セカンドオピニオンは、転院して別の医師のもとで治療を受けることではないので、セカンドオピニオンの後、その病院で治療を希望する場合には、再度紹介状を書いてもらって診察を受けることになりますから、もし特定の病院の治療に関心があるなら、「私の病期でも治療が可能かどうか〇〇医院〇〇先生に診察を受けたい」として、通常の紹介状を書いてもらうほうが良いのです。

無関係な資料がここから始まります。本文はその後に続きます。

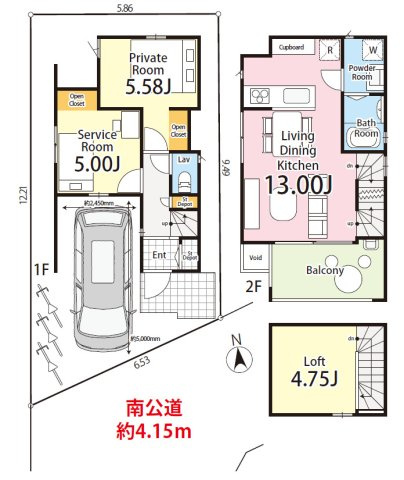 間取り：313004825434
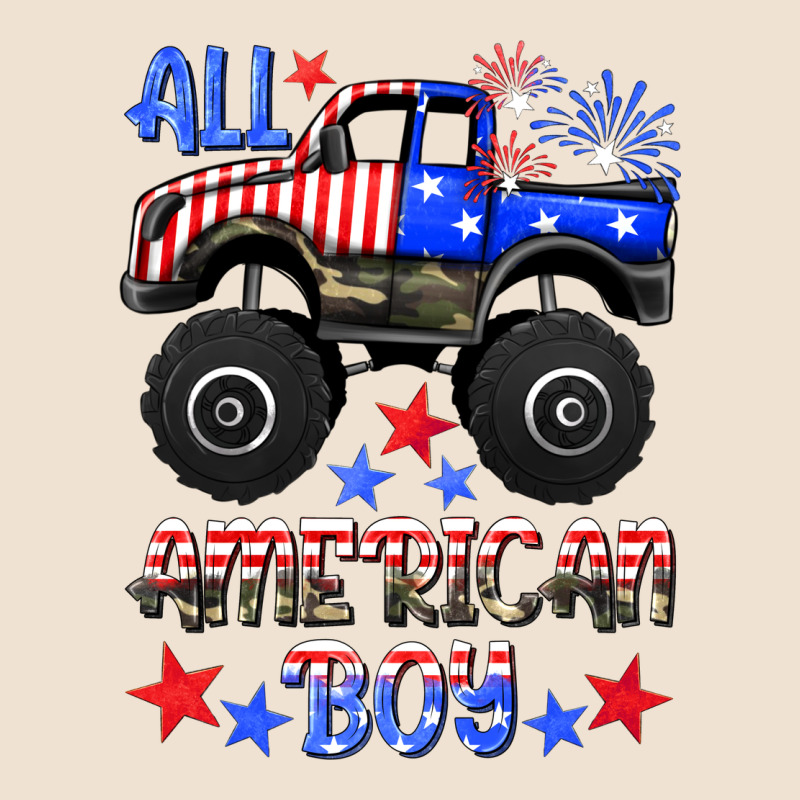 All American Boy Urban Heavy Tee by HRA Design Shop | Teevron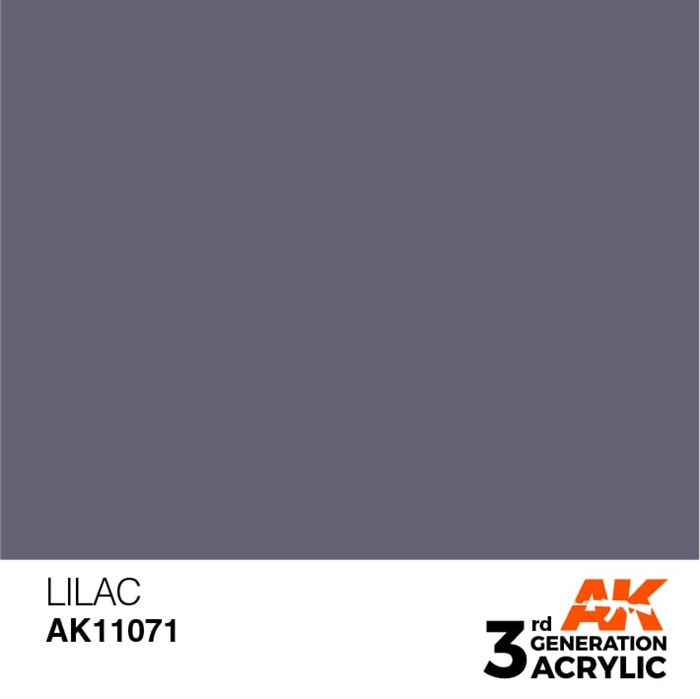 AK11071 Akryl maling, 17 ml, lilla - standard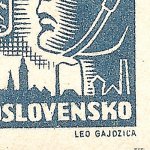 Košické vydání 6,- K/rozměřovací značky/CS 356 C 80 p.d.roh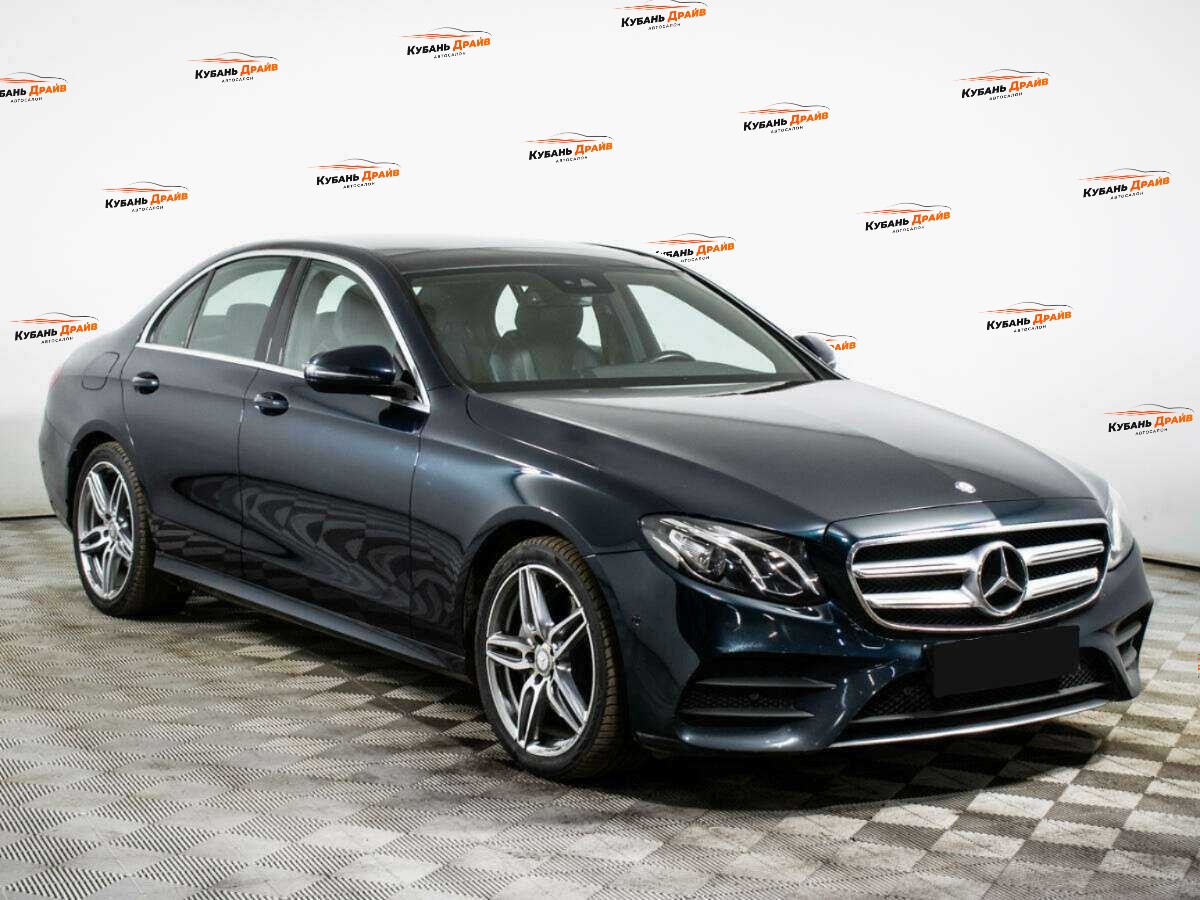 Mercedes-Benz E-Класс 2016 года с пробегом. Фото: #2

他院への紹介状を書いてもらったとしても、その段階で転院とは考えなくて大丈夫です。なぜなら”治療が可能かどうか”という診察のための紹介状であり、紹介先の治療内容に納得できない、あるいは治療を受け入れてもらえないという場合もあるからです。よって複数の病院への紹介状を書いてもらうことも問題ありません。

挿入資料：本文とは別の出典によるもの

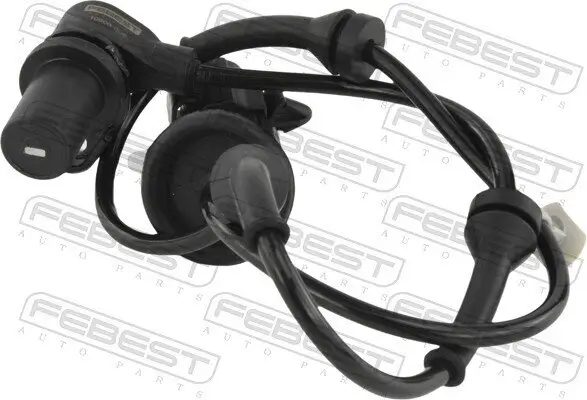 Sensor, Raddrehzahl Vorderachse links FEBEST 10606-006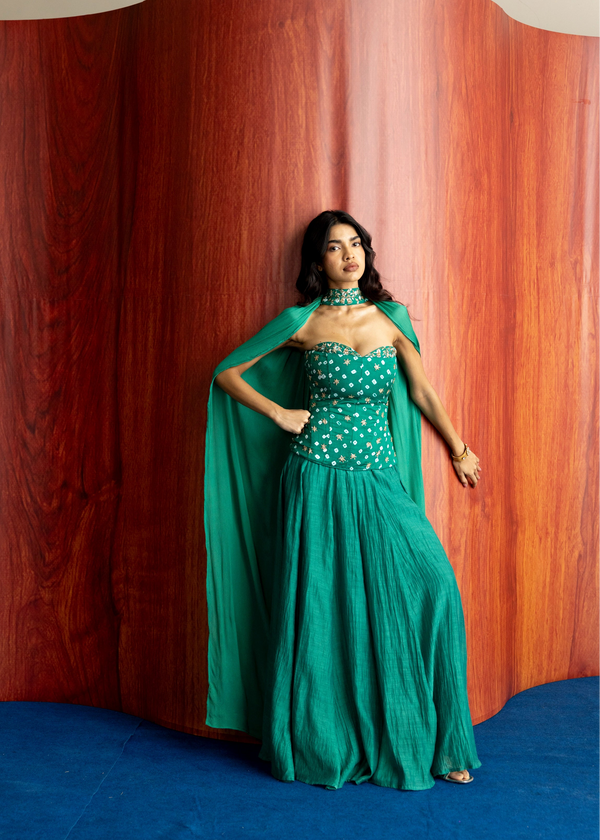 Jhumka Lehenga Set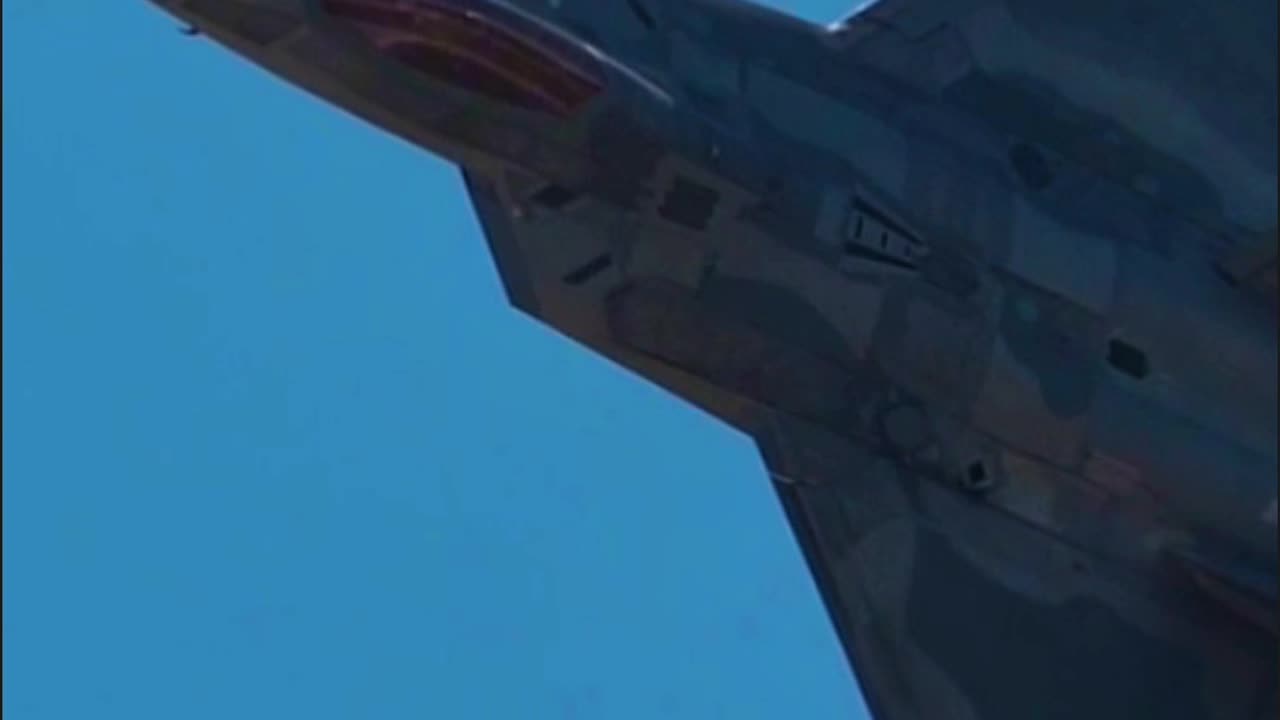 F-22 raptor slow motion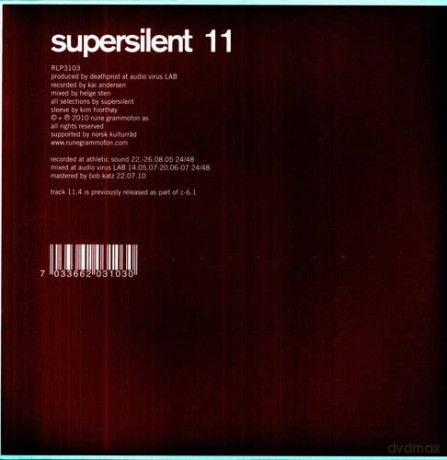 Supersilent: 11 [Winyl]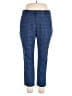 Merona Print Blue Casual Pants Size 14 - photo 1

セカンドオピニオンを切り出したら、医師によっては不愉快な顔をされるかもしれませんが、そんな医師は二流です。これを利用することは患者の権利として認められていますから堂々と依頼してかまいませんが、医師とぎくしゃくしても何の得もありません。そんな困った医師にたいしては「先生、私の命のかかった大事な決断です。後で後悔しないよう念のため他の医師の意見も伺いたいので協力してください」とか上手にお願いすることを考えてください。まさか「協力できない」とは言わないと思うのだが。

セカンドオピニオンは有効、でも難しい。

患者が知りたいのは、私にとって最も根治率の高い治療法は何?なのですが、それにストレートに答えてくれる医師はいないでしょう。この質問をした場合医師は、あなたの希望する治療法は?と聞くかもしれません。医師は患者の意志を尊重するというスタンスで話すでしょうから、この治療をしたい、に対しては、およそ肯定的に答えるはず、となるとその答えに意味はないかもしれない。

 

セカンドオピニオンは「患者の疑問を解消し患者の決断を支援する」のが目的とされますから、セカンドオピニオンで有益な話を聞こうとすれば、治療について疑問 や どの治療法を希望するか など前立腺癌についてある程度調べてからでないとできない質問をすることになります。

 

自分で調べることに自信がないからセカンドオピニオンを利用するというのに、自分で調べ知識を得てからでないと有益な助言は得られないのでは困ってしまう。いっそセカンドオピニオンでどう質問をしたら良いのか担当医に聞いてみようか、とも思わないでもないが、それではどこかおかしい。

それに、セカンドオピニオンを利用するために調べ、ある程度知識が増えてくると疑問も解決し、セカンドオピニオンの必要性が薄れてくるかもしれない、というのも問題だ。